Below are examples from Pytorch’s forums which address your question.

list(WeightedRandomSampler([0.1, 0.9, 0.4, 0.7, 3.0, 0.6], 5, replacement=True))
Output: [0, 0, 0, 1, 0]
list(WeightedRandomSampler([0.9, 0.4, 0.05, 0.2, 0.3, 0.1], 5, replacement=False))
Output: [0, 1, 4, 3, 2]

For a batch size < no_of classes, using Replacement = False would generate independent samples. If batch size > no_of classes, it would throw this error, RuntimeError: cannot sample n_sample > prob_dist.size(-1) samples without replacement.

I’m so confused. Here is what I did and its result:

batch_size = 6
weight = 1. / class_sample_count
samples_weight = weight[target]
sampler = WeightedRandomSampler(samples_weight, batch_size, replacement=False)
print('samlper= ', list(sampler))

samlper= [8857, 190, 210, 8028, 10662, 1685]

train_dl = torch.utils.data.DataLoader(train_ds, batch_size=batch_size, sampler=sampler, num_workers = 16)
valid_dl = torch.utils.data.DataLoader(valid_ds, batch_size=batch_size, shuffle=True, num_workers = 16)

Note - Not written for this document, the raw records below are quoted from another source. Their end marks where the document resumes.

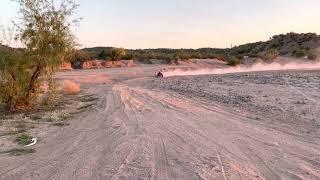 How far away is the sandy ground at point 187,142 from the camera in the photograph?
414 inches

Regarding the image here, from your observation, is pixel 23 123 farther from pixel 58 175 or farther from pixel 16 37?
pixel 58 175

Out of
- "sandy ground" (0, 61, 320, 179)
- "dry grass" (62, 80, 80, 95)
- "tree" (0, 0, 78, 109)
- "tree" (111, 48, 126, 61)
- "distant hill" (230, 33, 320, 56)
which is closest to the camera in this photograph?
"sandy ground" (0, 61, 320, 179)

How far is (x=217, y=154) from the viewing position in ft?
38.4

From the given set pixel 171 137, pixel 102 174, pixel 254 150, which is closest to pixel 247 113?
pixel 171 137

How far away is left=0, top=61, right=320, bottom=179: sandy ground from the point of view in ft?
34.5

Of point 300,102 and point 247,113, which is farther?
point 300,102

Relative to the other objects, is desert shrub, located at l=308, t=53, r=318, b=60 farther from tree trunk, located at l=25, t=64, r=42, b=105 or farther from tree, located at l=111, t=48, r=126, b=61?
tree trunk, located at l=25, t=64, r=42, b=105

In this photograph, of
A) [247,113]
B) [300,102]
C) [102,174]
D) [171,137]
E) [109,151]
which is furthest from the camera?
[300,102]

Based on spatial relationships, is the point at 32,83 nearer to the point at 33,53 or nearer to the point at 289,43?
the point at 33,53

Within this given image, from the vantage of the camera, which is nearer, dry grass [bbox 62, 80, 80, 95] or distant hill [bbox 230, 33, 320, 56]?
dry grass [bbox 62, 80, 80, 95]

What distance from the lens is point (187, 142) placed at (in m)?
13.1

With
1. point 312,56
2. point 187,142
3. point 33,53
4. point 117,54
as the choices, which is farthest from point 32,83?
point 312,56

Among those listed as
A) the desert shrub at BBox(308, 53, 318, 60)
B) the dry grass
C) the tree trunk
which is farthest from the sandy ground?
the desert shrub at BBox(308, 53, 318, 60)

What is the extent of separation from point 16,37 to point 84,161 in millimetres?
11443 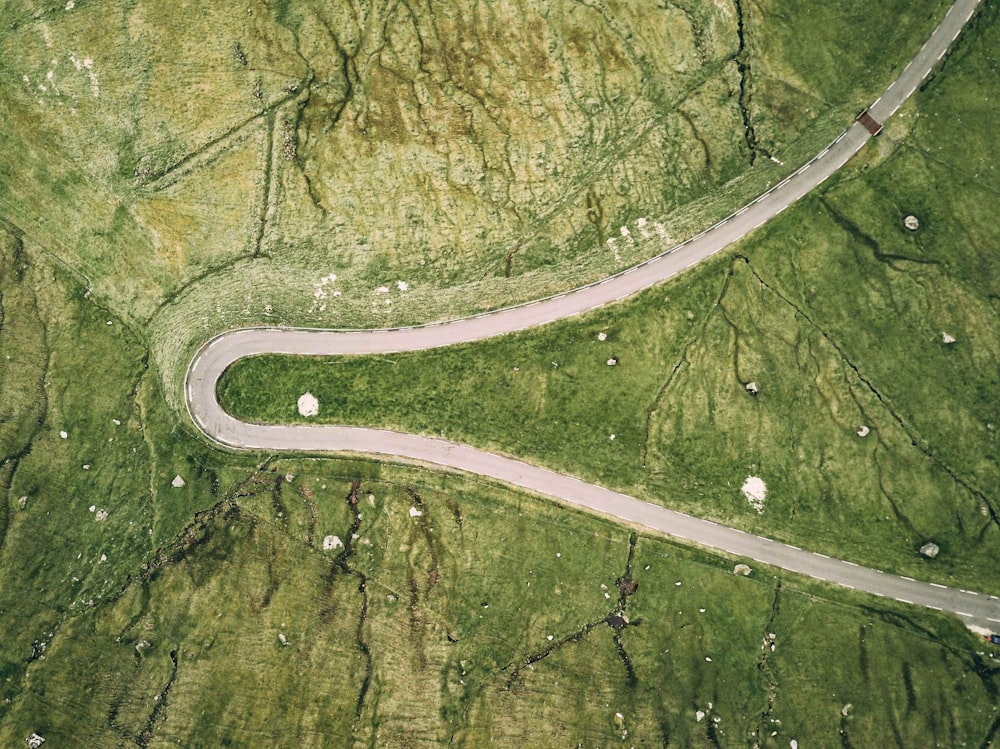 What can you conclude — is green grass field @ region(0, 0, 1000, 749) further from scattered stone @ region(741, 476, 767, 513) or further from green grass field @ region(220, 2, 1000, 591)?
scattered stone @ region(741, 476, 767, 513)

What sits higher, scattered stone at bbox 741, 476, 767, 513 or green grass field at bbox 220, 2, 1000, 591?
green grass field at bbox 220, 2, 1000, 591

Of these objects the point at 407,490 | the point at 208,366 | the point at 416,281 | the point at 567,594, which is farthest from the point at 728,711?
the point at 208,366

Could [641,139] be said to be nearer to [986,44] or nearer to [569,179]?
[569,179]

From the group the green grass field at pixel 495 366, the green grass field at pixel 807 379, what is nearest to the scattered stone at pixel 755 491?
the green grass field at pixel 807 379

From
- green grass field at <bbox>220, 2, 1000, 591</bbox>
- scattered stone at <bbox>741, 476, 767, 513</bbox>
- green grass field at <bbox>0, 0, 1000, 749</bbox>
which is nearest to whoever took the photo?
green grass field at <bbox>0, 0, 1000, 749</bbox>

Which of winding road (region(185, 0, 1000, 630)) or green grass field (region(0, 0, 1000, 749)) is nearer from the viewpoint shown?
green grass field (region(0, 0, 1000, 749))

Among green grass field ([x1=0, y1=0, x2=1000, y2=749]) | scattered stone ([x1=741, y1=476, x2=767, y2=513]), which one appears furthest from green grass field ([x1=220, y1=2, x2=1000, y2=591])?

inputs, targets = next(iter(train_dl))     # Get a batch of training data
print('targets= ', targets)

targets= tensor([4, 5, 5, 0, 3, 3])

Loss after 15 Epochs:

Epoch [ 1/15], Step [  1, 1825], Loss: 1.5785
Epoch [ 2/15], Step [  1, 1825], Loss: 1.9562
Epoch [ 3/15], Step [  1, 1825], Loss: 1.8681
Epoch [ 4/15], Step [  1, 1825], Loss: 2.0667
Epoch [ 5/15], Step [  1, 1825], Loss: 1.9168
Epoch [ 6/15], Step [  1, 1825], Loss: 1.8286
Epoch [ 7/15], Step [  1, 1825], Loss: 1.9063
Epoch [ 8/15], Step [  1, 1825], Loss: 1.8187
Epoch [ 9/15], Step [  1, 1825], Loss: 1.6252
Epoch [10/15], Step [  1, 1825], Loss: 2.3157
Epoch [11/15], Step [  1, 1825], Loss: 1.7716
Epoch [12/15], Step [  1, 1825], Loss: 2.1706
Epoch [13/15], Step [  1, 1825], Loss: 1.7085
Epoch [14/15], Step [  1, 1825], Loss: 1.7478
Epoch [15/15], Step [  1, 1825], Loss: 2.0860
evaluate_model(model, valid_dl)

accuracy: 19.58

evaluate_model(model, train_dl)

accuracy: 0.00

It seems that something goes wrong!

This is interesting. The values in the batches are not unique in spite of using replacement = False.
As far as the loss is concerned, This could be down to a couple of problems. Try the following out

  • Try out different learning rates (smaller than the one you are currently using).
  • Remove all regularization and momentum until the loss starts decreasing.
  • Check the inputs right before it goes into the model (detach and plot it). Check correspondance with labels.
  • You may also be updating the gradients way too many times as a consequence of a small batch size. As the targets are still not unique, you may as well keep a larger batch.